Ganz genau kenne ich die einzelnen Teile der Pakete aber nicht. Kann auch sein das Compiz lediglich wie emerald, ein Fenstermanager war/ist.

Grüße

----------

## flammenflitzer

Es gibt ja verschiedene Anleitungen, aber die Sache scheint sich ja auch rasch zu entwickeln. Speziell für kde.

----------

## Vortex375

Seit der Fusion mit beryl ist "compiz" nun der Fenstermanager-Kern mit ein paar Grundlegenden Plugins. Alles weitere ist in den Paketen compiz-fusion-plugins-* enthalten.

Wenn du dir wirklich "nur" compiz installierst, wirst du wenig Freude daran haben, da du mit allein mit dem Kern, ohne Plugins und Window-Decorator, vermutlich nicht viel anfangen kannst.

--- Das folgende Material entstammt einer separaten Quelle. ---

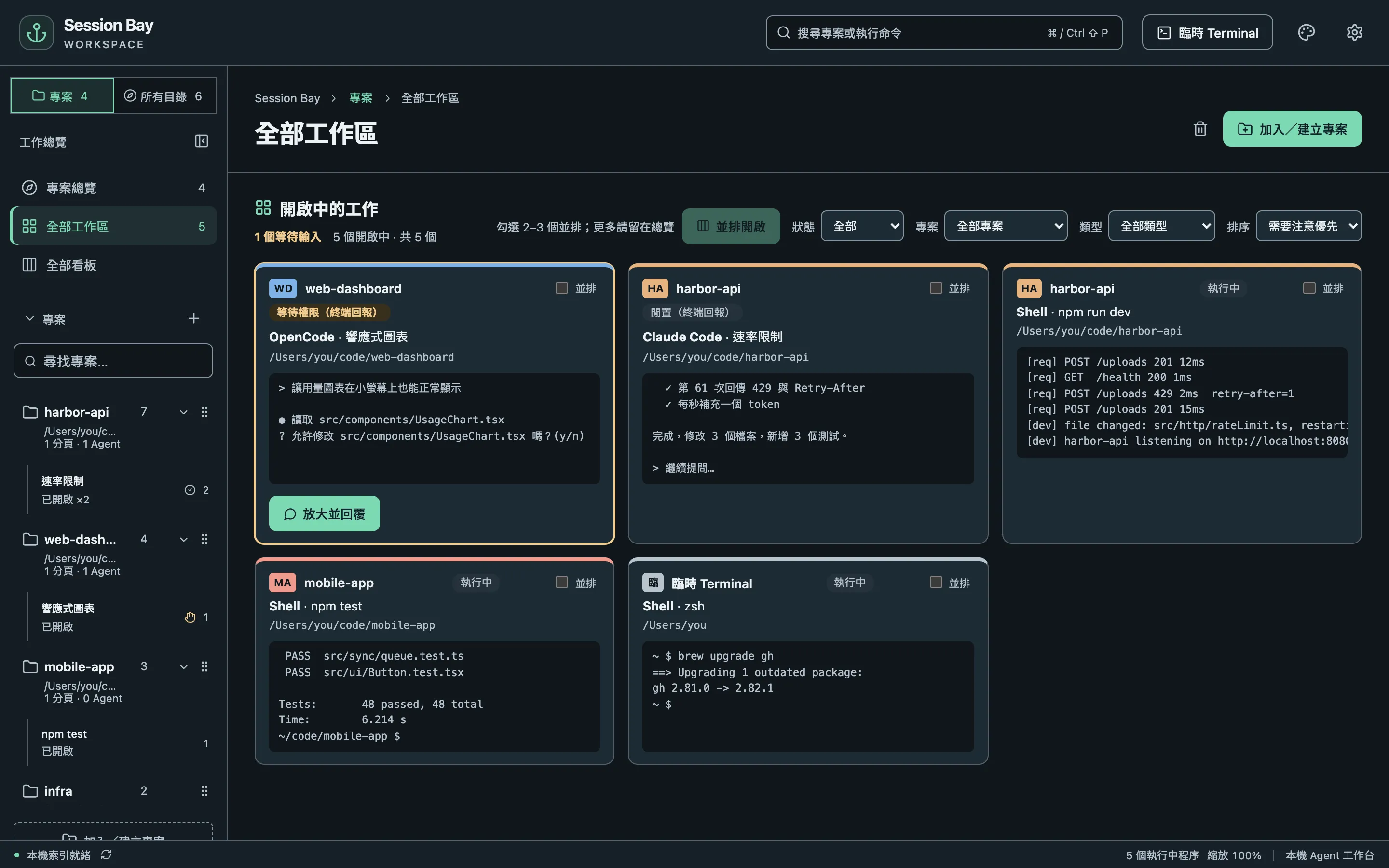 全部工作區總覽，標示出正在等待權限的 Agent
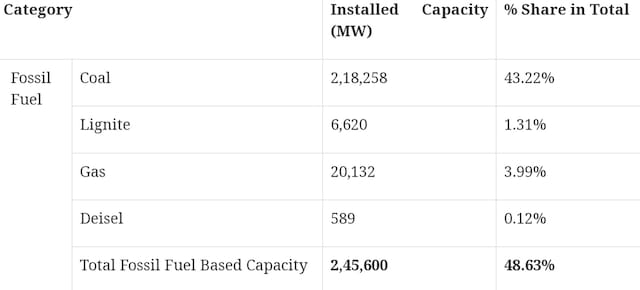 20251208-201936-2025-12-e955215b3a4bc322a4758bff990dfd1b Power Ministry in Parliament: AT&C losses at all-India level drop to 16.16% in FY25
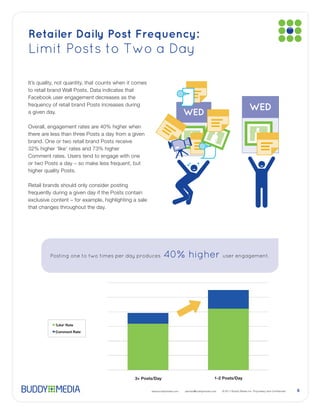 Retailer Daily Post Frequency:
Limit Posts to Two a Day


Facebook user engagement decreases as the

                                                                                                             WED
a given day.                                                             WED




Retail brands should only consider posting



that changes throughout the day.




         Posting one to two times per day produces          40             higher user engagement.




                                             3+ Posts/Day                                    1-2 Posts/Day


                                                    www.buddymedia.com   partner@buddymedia.com                    6
 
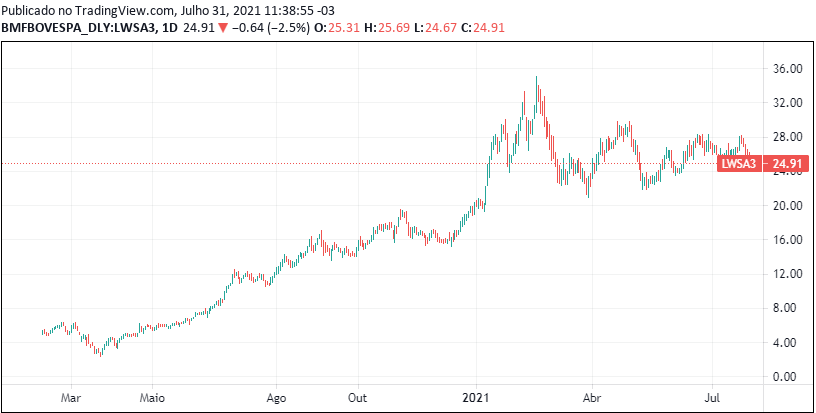 Cotação histórica de LWSA3 - Fonte: B3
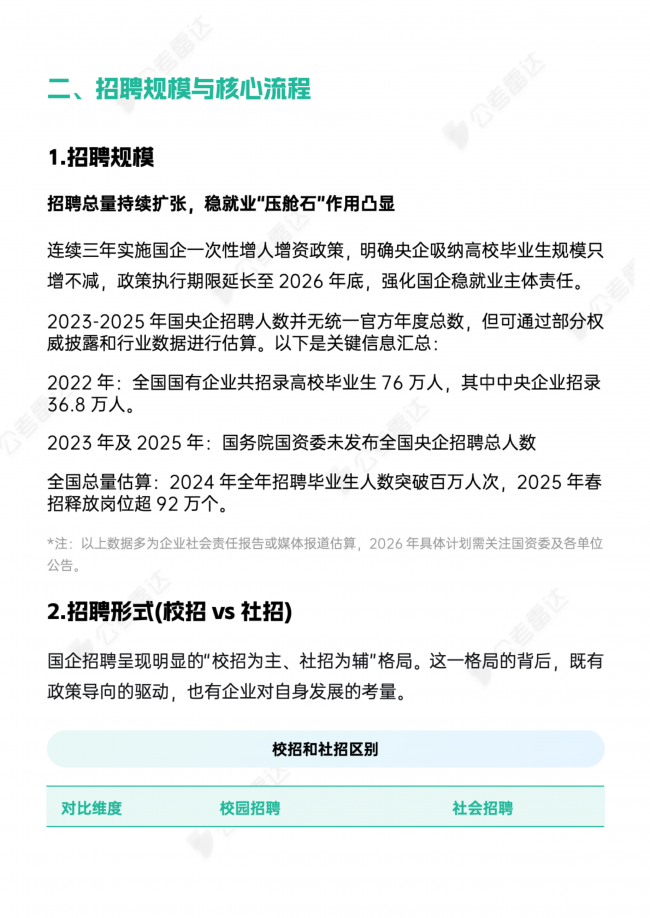 国央企成为就业新蓝海：2026国央企招聘趋势洞察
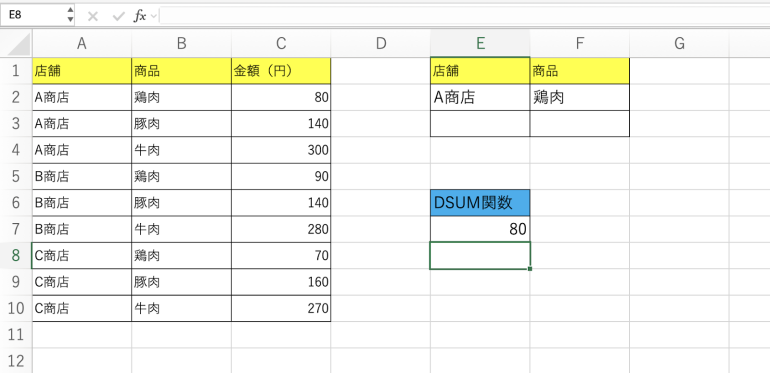 80と表示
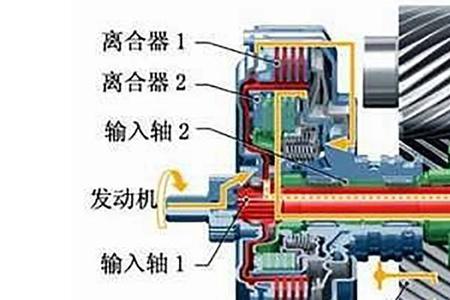 at变速箱带挡滑行有拖拽感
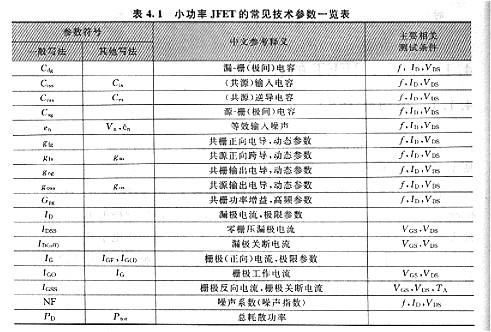 JFET技術(shù)參數(shù)與VMOS比較相似之處，兩者差異主要參數(shù)是有由器件組成的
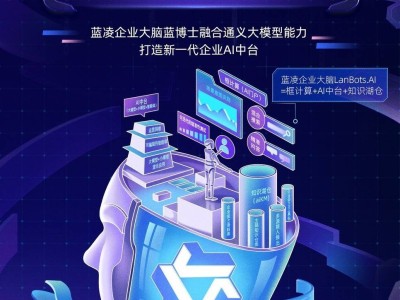 蓝凌携手阿里云发布AI蓝博士，赋能企业智慧升级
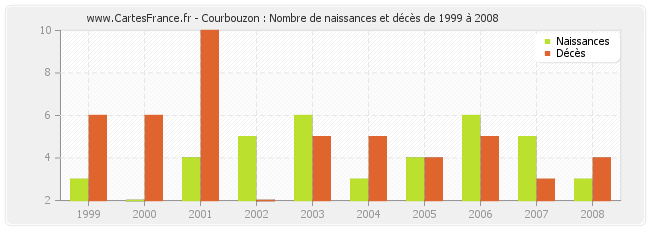Courbouzon : Nombre de naissances et décès de 1999 à 2008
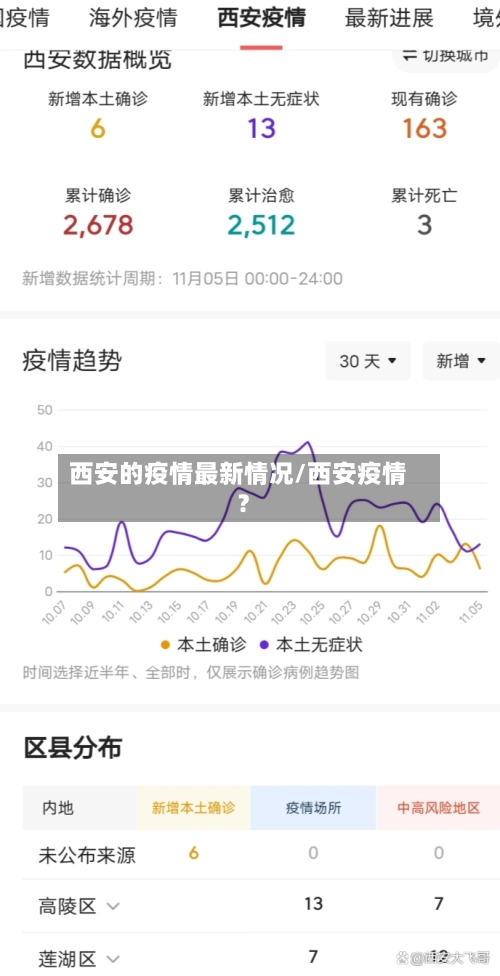 西安的疫情最新情况/西安疫情?-第1张图片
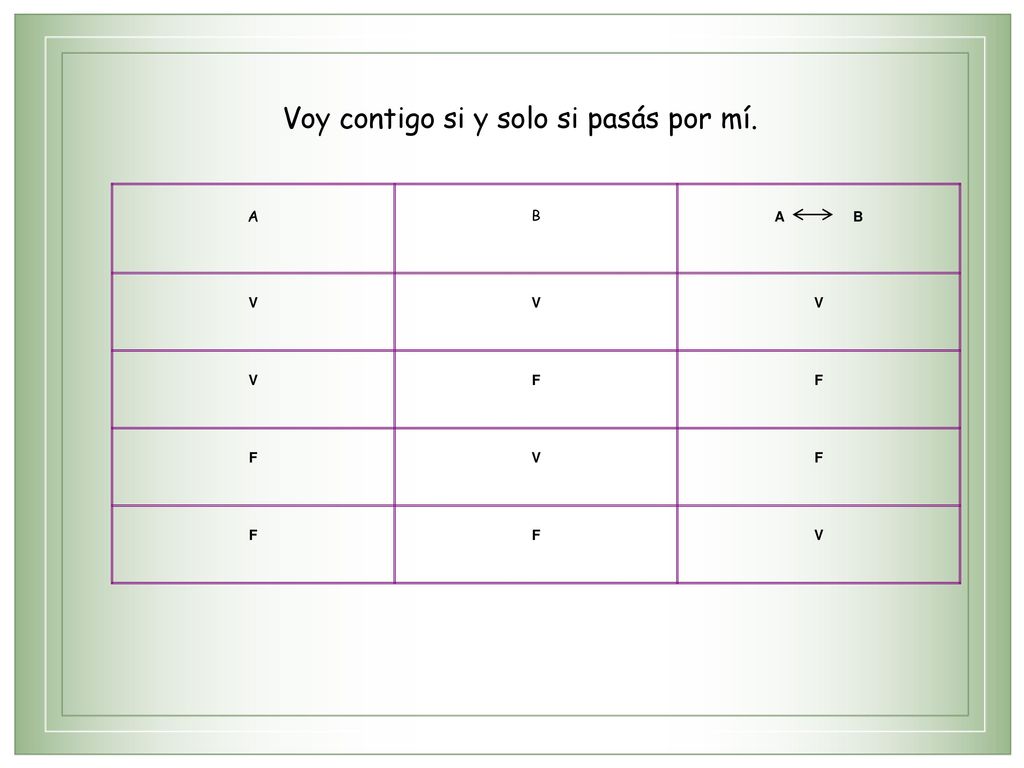 Voy contigo si y solo si pasás por mí.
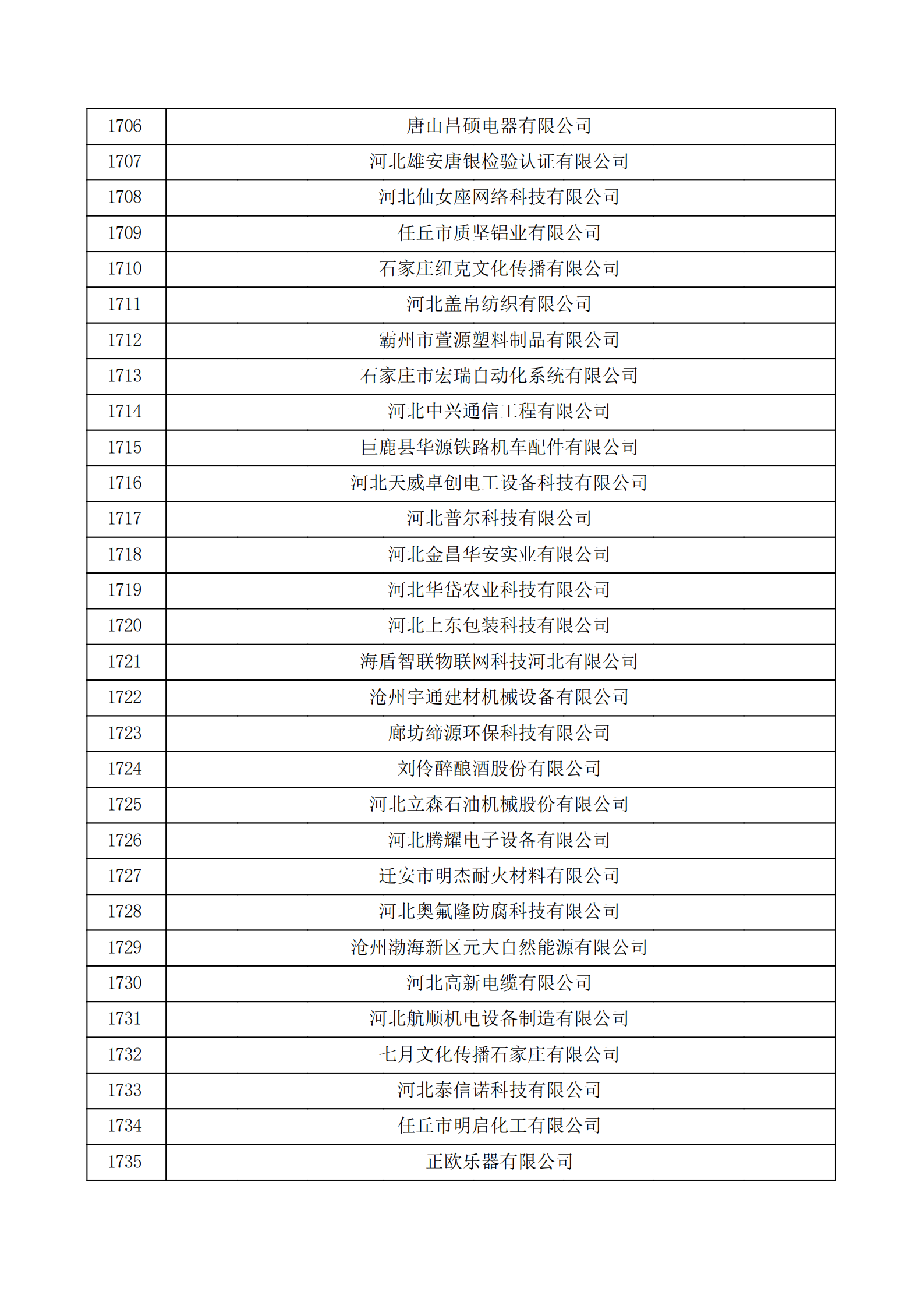 河北省認(rèn)定機(jī)構(gòu)2022年認(rèn)定的第二批高新技術(shù)企業(yè)備案公示名單_57.png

Das compizconfig-backend-kconfig hat bei mir übrigens nie zuverlässig funktioniert. Ich verwende zum konfigurieren von compiz daher den ccsm (Compiz Config Settings Manager) mit dem Flat-File-Backend (funktioniert problemlos).

----------

## flammenflitzer

Wie ist das mit der Performance des System? (Ich habe das unter Ubuntu Gnome. Da fällt es kaum ins Gewicht. Ist aber schick, wobei dort nicht alle Fensterdekorationen korrekt dargestelt werden.)

----------

## AmonAmarth

 *flammenflitzer wrote:*   

> Wie ist das mit der Performance des System? (Ich habe das unter Ubuntu Gnome. Da fällt es kaum ins Gewicht. Ist aber schick, wobei dort nicht alle Fensterdekorationen korrekt dargestelt werden.)

 

unter gentoo funktioniert das genauso und auch genauso performant wie unter ubuntu, du hast nur nicht die "bequemlichkeit" bei der installation, wie du sie bei ubuntu ja hast.

bei gentoo muss man bei dem thema manchmal genau darauf achten, welche programm versionen mit welchen treibern zuverlässig laufen.

----------